Descrita por colegas no Facebook como “a quietinha da turma”, a adolescente contou na 50 ª DP (Itaguaí) que, na segunda-feira de carnaval, aproveitou que os pais não estavam em casa e foi até o Morro do Carvão porque tinha curiosidade de conhecer o baile funk do Morro do Carvão. Ao perceber a ausência da filha, os pais saíram para procurá-la e a encontraram na favela.
— Ela fugiu de casa para ir ao baile. Descobrimos onde estava e fomos até lá. Nossa filha estava do lado de fora da festa quando chegamos. Uma boa alma já tinha dado uma roupa a ela e a tirado do baile — lembra o pai, que é funcionário público, que dali a levou diretamente para o hospital. — Ela estava muito abalada, mas não sabíamos exatamente o que tinha acontecido. Num primeiro momento, pensamos em não registrar o caso. Mas, com a repercussão, uma assistente social nos aconselhou a procurar a delegacia.
Em depoimento à polícia, a adolescente disse que foi levada à força até onde estaria o gerente do tráfico, para ser violentada, numa casa no interior da favela. No banheiro, pelas contas dela, havia 11 homens, provavelmente traficantes.
— A menina contou que um homem lhe deu uma gravata e avisou que Sheik queria falar com ela — afirmou o delegado titular de Itaguaí, Marcos Santana.
Três vídeos circularam nas redes sociais. Dois mostram a adolescente durante a festa, já embriagada, e, em um deles, um rapaz arranca a roupa da menina, deixando-a completamente nua. O terceiro mostra a vítima já no banheiro, e registra o momento em que Jorge Luis segura a estudante pelo cabelo e puxa a cabeça dela para prática sexual.
Dois dias depois do crime, os vídeos começaram a ser compartilhados por colegas da adolescente. Começou, então, um novo sofrimento. Só, então, com a divulgação das imagens, a família procurou a delegacia.
— A vítima informou que havia muitos homens dentro do banheiro, que seriam 11. O vídeo mostra cinco. Ela não sabe precisar por quanto tempo foi abusada —observa o delegado.
A adolescente se isolou em casa. Abandonou a escola e as aulas de balé, e parou de ver as amigas. Apenas há duas semanas, incentivada pelo pai, aceitou retomar os estudos.

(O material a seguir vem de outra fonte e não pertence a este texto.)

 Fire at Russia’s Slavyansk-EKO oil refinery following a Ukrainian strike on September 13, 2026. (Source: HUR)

— A volta não foi fácil. Ela sofreu bullying. Agora, os amigos já a abraçam. Uma orientadora chegou a sugerir uma troca de escola. Mas nós somos daqui, moramos aqui, e vamos continuar aqui — afirma o pai.
Ainda abalada, a mãe da adolescente está afastada do trabalho. O pai tirou alguns dias de licença. Os dois irmãos, mais velhos, também se mobilizaram para ajudá-la. Na saída da escola, ontem, estudantes, abraçados à menina, evitavam falar sobre o caso, que mobilizou o município da Região Metropolitana.

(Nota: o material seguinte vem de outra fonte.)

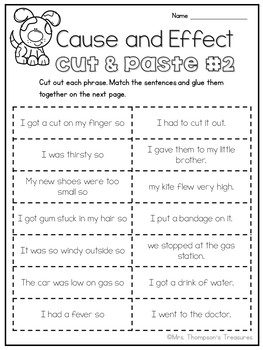 Cause and Effect by Mrs Thompson's Treasures | Teachers Pay Teachers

— A cidade inteira sofre muito com isso — disse uma amiga.
A Polícia Civil trabalha para identificar outros suspeitos envolvidos no crime. Os quatro já capturados serão indiciados por estupro coletivo e pelo compartilhamento das imagens nas redes sociais. Segundo o delegado Marcos Santana, eles ainda podem ser enquadrados no Artigo 241 do Estatuto da Criança e do Adolescente (ECA), que estabelece pena de até seis anos de prisão para quem disponibiliza material pornográfico com menores de idade.

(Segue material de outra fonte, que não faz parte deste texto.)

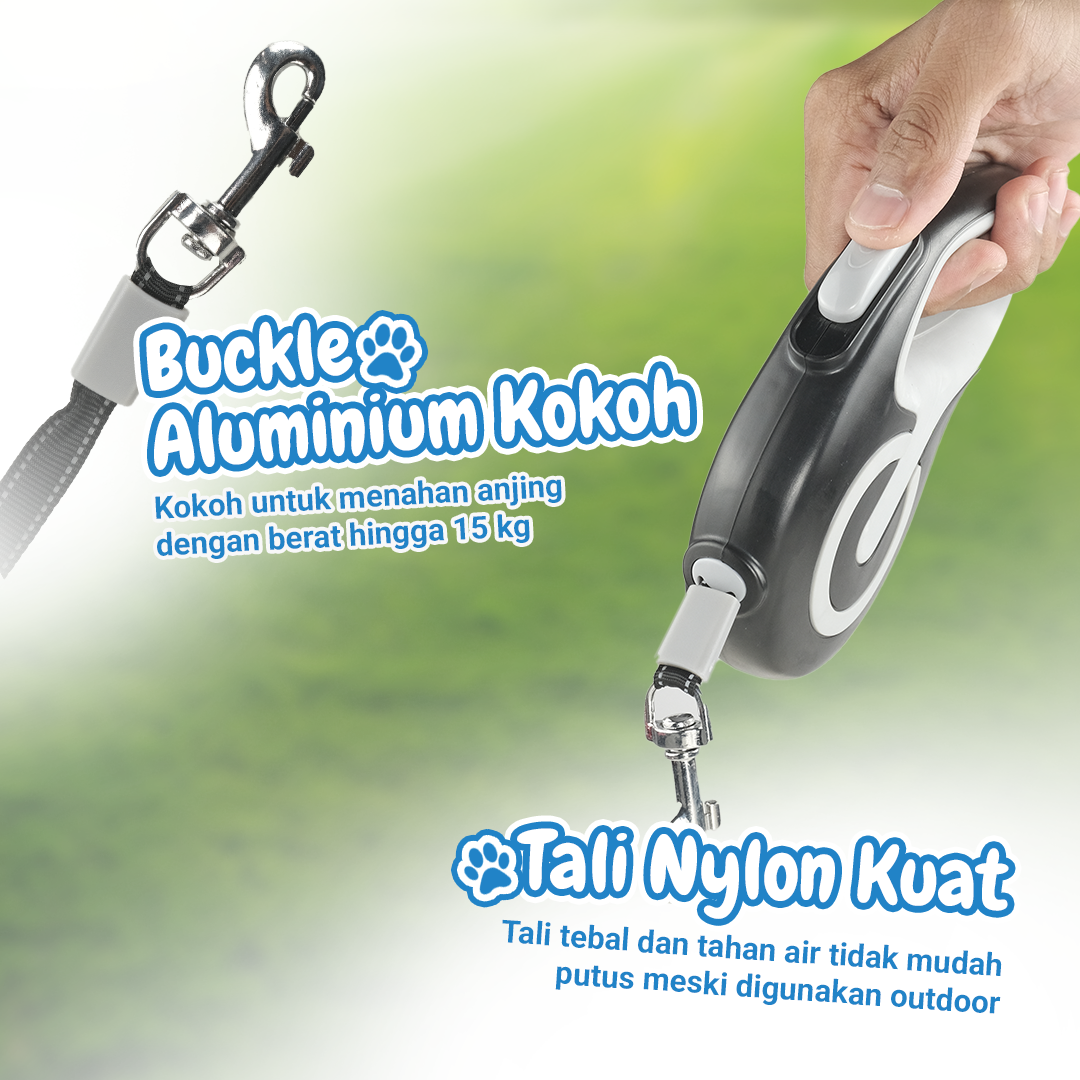 Gambar produk ROPET Tali Tuntun Hewan Anjing Automatic Retractable Dog Leash 3M - RP014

Os casos de estupro no Estado do Rio aumentaram 5% nos meses de janeiro e fevereiro deste ano, na comparação com o mesmo período de 2018. Foram 899 ocorrências, o que corresponde a uma média de 15 crimes por dia. Segundo o Instituto de Pesquisa Econômica Aplicada (Ipea), apenas 10% das tentativas ou casos de estupros consumados são reportados à polícia no Brasil.